• **RECORDS FOR THIS EXERCISE**
-- -- --
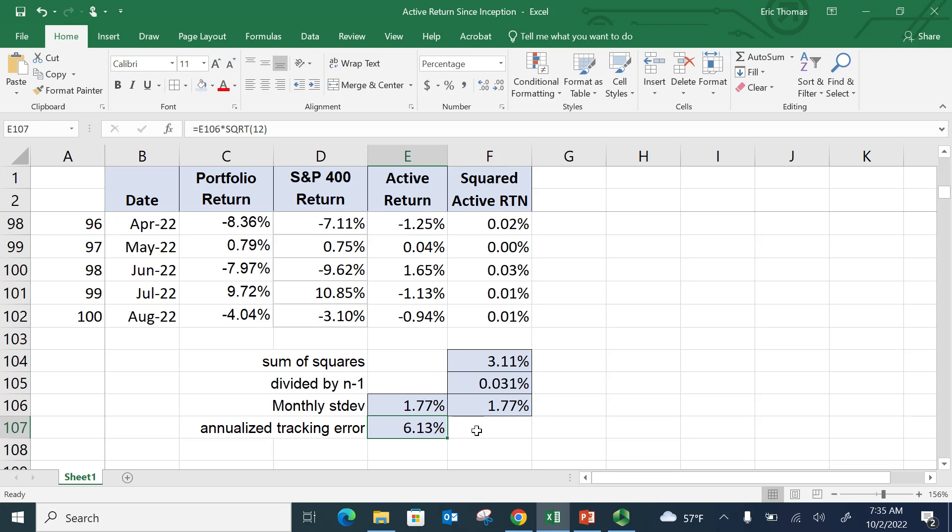Now, a pure passive portfolio manager who's somebody who's just managing an index fund should expect a tracking error close to zero. Okay. And then you get the enhanced index managers, which are around 1% or 2%, and then quantitative active and then concentrated fundamental managers will have active risk greater than, say, 4% or 5%.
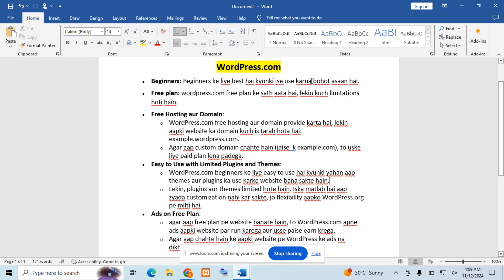The first point is that WordPress.com is for beginners because it is very easy to use. If we select WordPress.com to create your website, its interface is very easy to use and easy to navigate.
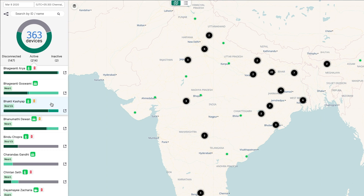Above the bar, you'll find your device's metadata. Device metadata is stored as a key-value pair and can be used to filter your devices further. You can think of this as your device's group. For example, this device has a zone set to west.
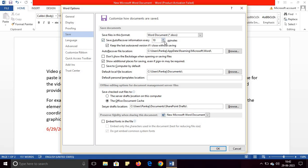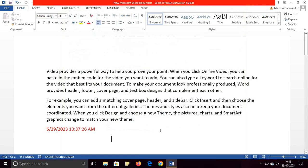You can change it to every one minute and click OK. This way you can enable or disable the auto save option in Microsoft Word. Have a nice day, thank you.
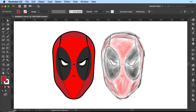Hi everyone, Simona here from Vector Twist. In today's tutorial I would like to show you how to create an icon in Illustrator. Since I've been playing the game The Contest of Champions and I really dig those Marvel Champions, I thought why not use Deadpool to create an icon out of it?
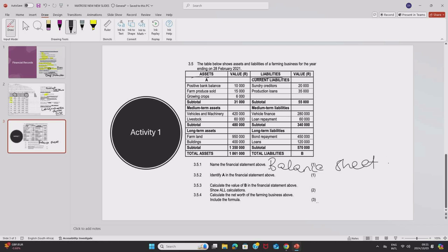We have to name the financial statement and then we have to identify A in the financial statement above. We can see that those assets are grouped and now we have to name what type of asset is A. We'll do that activity of answering A in our next class.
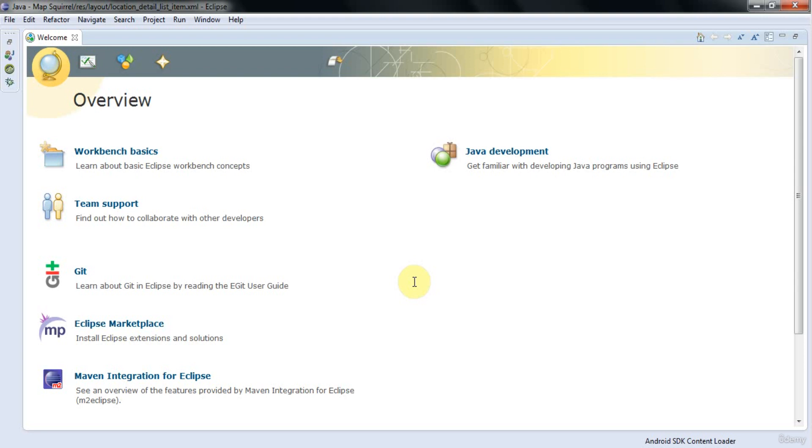Hello, this is John from caveofprogramming.com and welcome to the Java for Complete Beginners course. Originally I made this course with the idea of promoting one-to-one lessons that I used to give and that I no longer do.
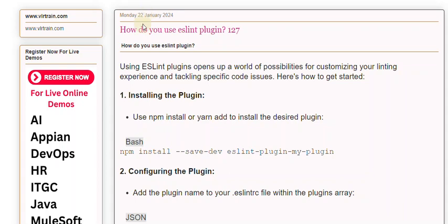Consider linting experience and tackling specific code issues. Here's how to get started. Step 1: Installing the plugin. Use npm install or yarn add to install the desired plugin.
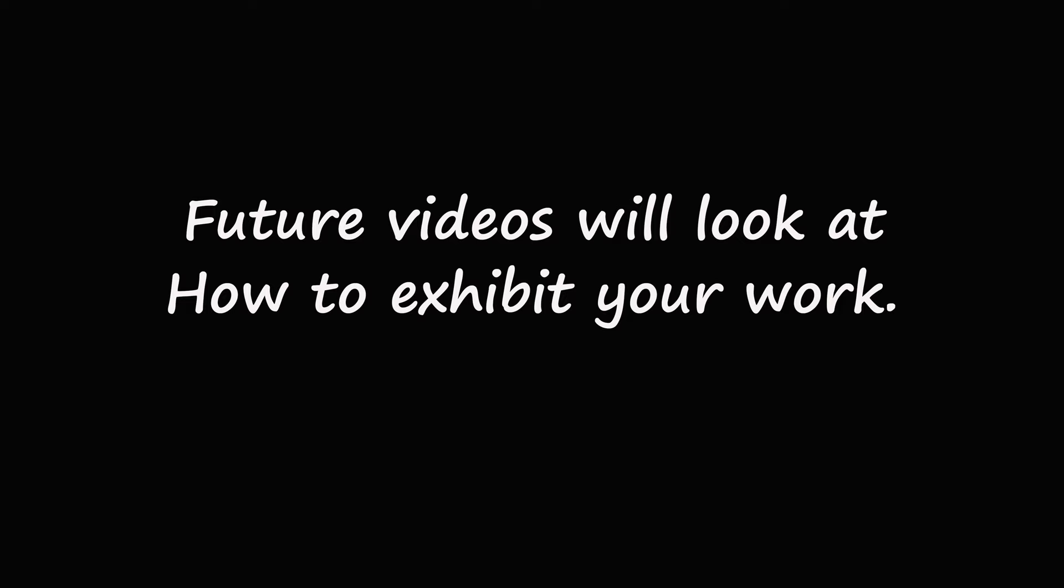Future videos will look at how to exhibit your work, legacy lens reviews, disability health and photography, and much more.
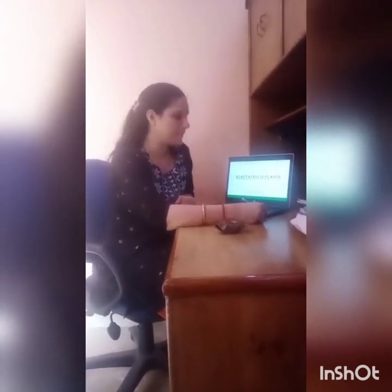So students, from today we are going to start our second chapter from your science book, that is Adaptation in Plants. Today we will discuss about this chapter.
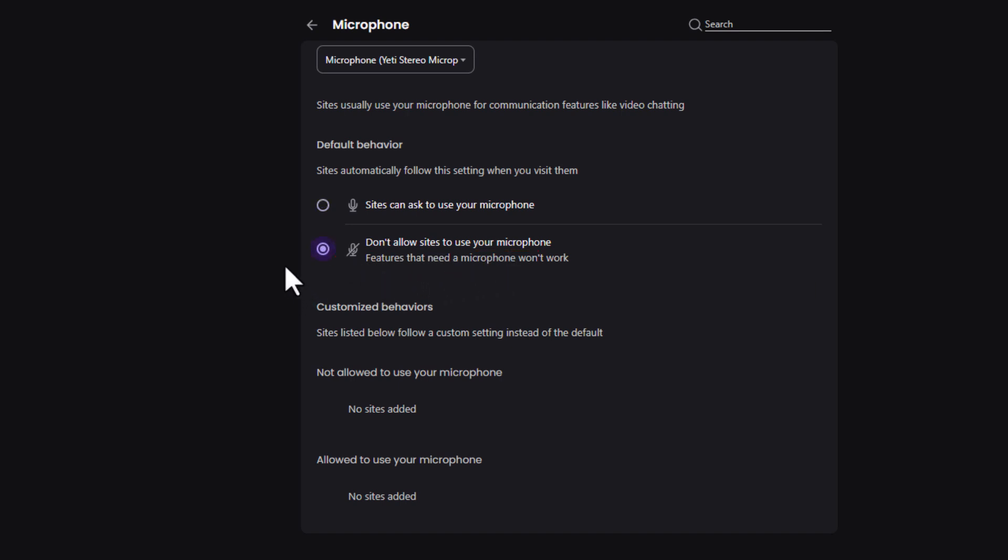That is how to enable or disable access to your microphone in the Brave web browser. Thanks for watching.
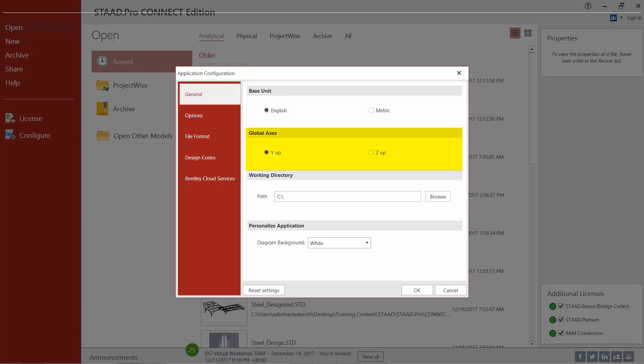The next thing we're going to look at is the global axis orientation. The location of entities in a STAAD Pro model is defined with reference to the origin of the global or Cartesian coordinate system. The default orientation is that the y-axis points in the vertical direction and a plan view is represented by the x and z plane. You have an option to specify the vertical axis as the z-axis, but this will eliminate the ability to use some functions such as the wind load generator. We're going to keep the default with the y-axis as vertical, then click OK.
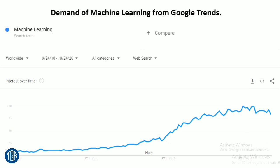Here is a practical view of its demand from Google Trends. This is how its demand got increased suddenly in the past 5 years. It's sure that the demand for this branch will definitely increase in the future.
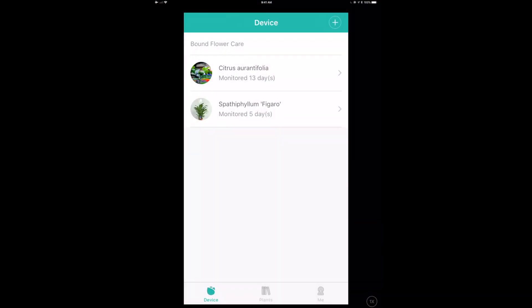So here's the Flower Care app, and it's pretty well done, I must say. I've got a couple of plants already in here. We can take a look at a tour of it later, but first let's add in our new Flower Care plant sensor. So we're going to tap on that little plus button.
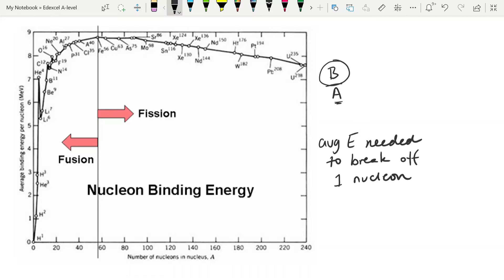This allows us to see the relative stability of each nucleus. If you have to put in a lot of energy per nucleon, the nucleus is very stable. But the less energy you have to put in per nucleon, the easier it is to break off a nucleon, and therefore the nucleus is less stable. In other words, nuclei with greater binding energy per nucleon are more tightly bound together — harder to break apart.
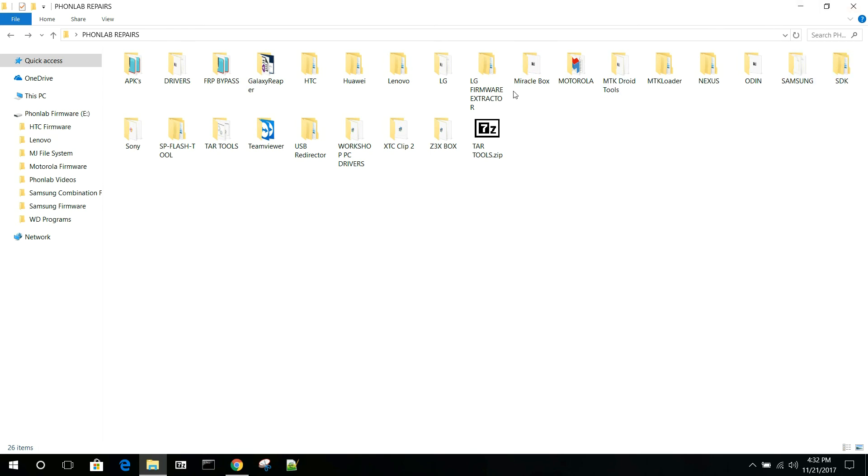So now anytime you're in your file browser here, you'll be able to see the extensions on all of files. That's going to wrap it up. We'll catch you guys in the next one. Root Junkie out.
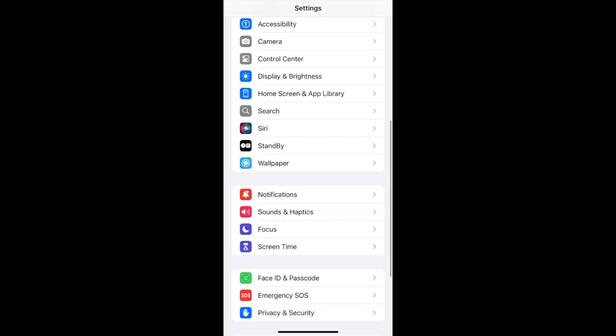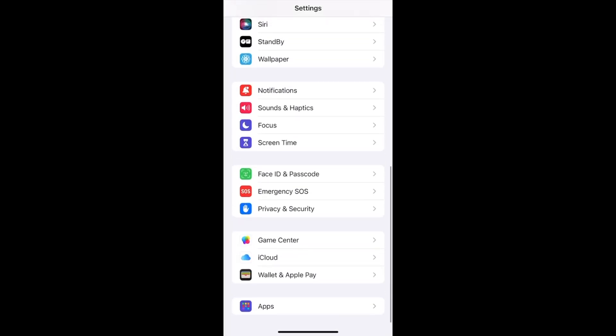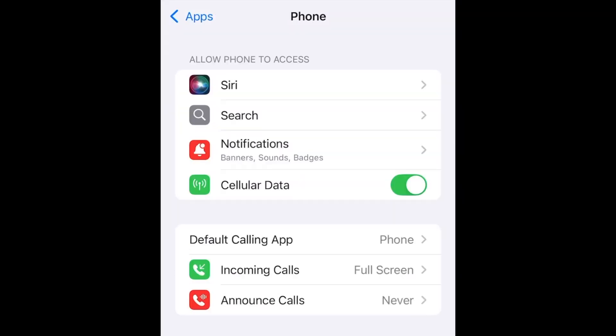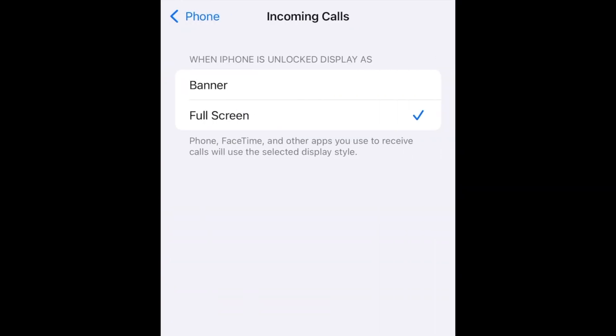Go to Settings, scroll down and tap Apps, find and click Phone. Now tap Incoming Calls and select Banner.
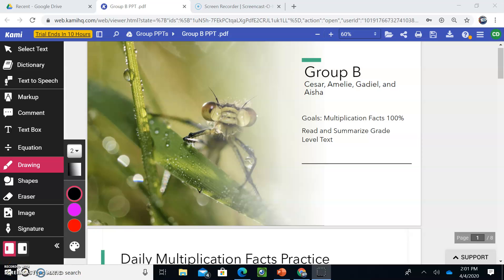Good morning, Cesar, Emily, Gadiel, Aisha. How are you guys doing? Thank you for viewing this PowerPoint. This PowerPoint is going to guide you in your daily activities each and every day. We'd love for you to practice these skill sets, master them, and then we'll move on. So the goal of this week is to become proficient with multiplication and read and summarize grade-level material.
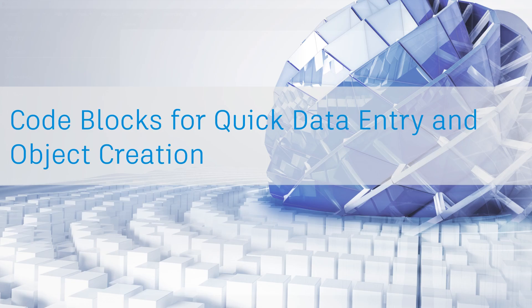In this lesson, we will look at code blocks in Dynamo. Code blocks are a unique feature in Dynamo that brings together visual programming with DesignScript. DesignScript is a text-based language for computational design.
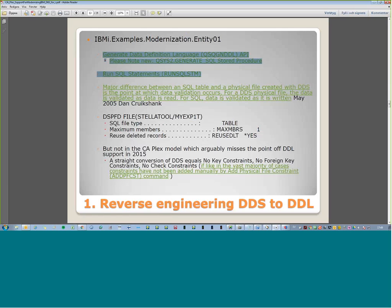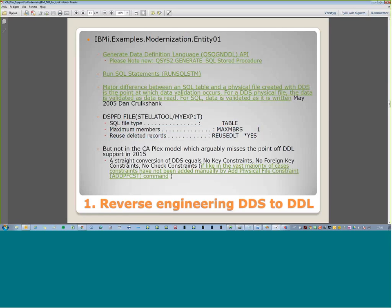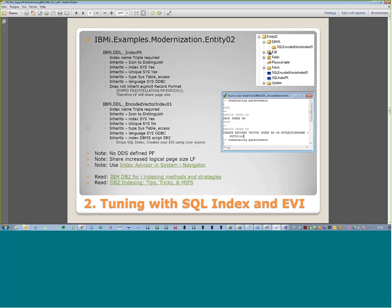I'm not going to touch any of the programs — I'm just going to build the logicals again, copy in the data, and that table is now DDL. Logicals built, programs never changed. But here's my conclusion on this: a straight conversion does not put it in the CA Plex model, which arguably misses the point of DDL support. A straight conversion does not equal constraints, foreign keys, or check constraints. Yes, you converted it, but you haven't got the advantages. So I think we need to go a step further.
-- -- --
• **WORK INSTRUCTIONS**
Leave out all pictures and extract exactly the lines from the line with "In this lesson, we" through the end of the material.

• **THE COMPLETED TASK**
In this lesson, we will look at code blocks in Dynamo. Code blocks are a unique feature in Dynamo that brings together visual programming with DesignScript. DesignScript is a text-based language for computational design.
I'm not going to touch any of the programs — I'm just going to build the logicals again, copy in the data, and that table is now DDL. Logicals built, programs never changed. But here's my conclusion on this: a straight conversion does not put it in the CA Plex model, which arguably misses the point of DDL support. A straight conversion does not equal constraints, foreign keys, or check constraints. Yes, you converted it, but you haven't got the advantages. So I think we need to go a step further.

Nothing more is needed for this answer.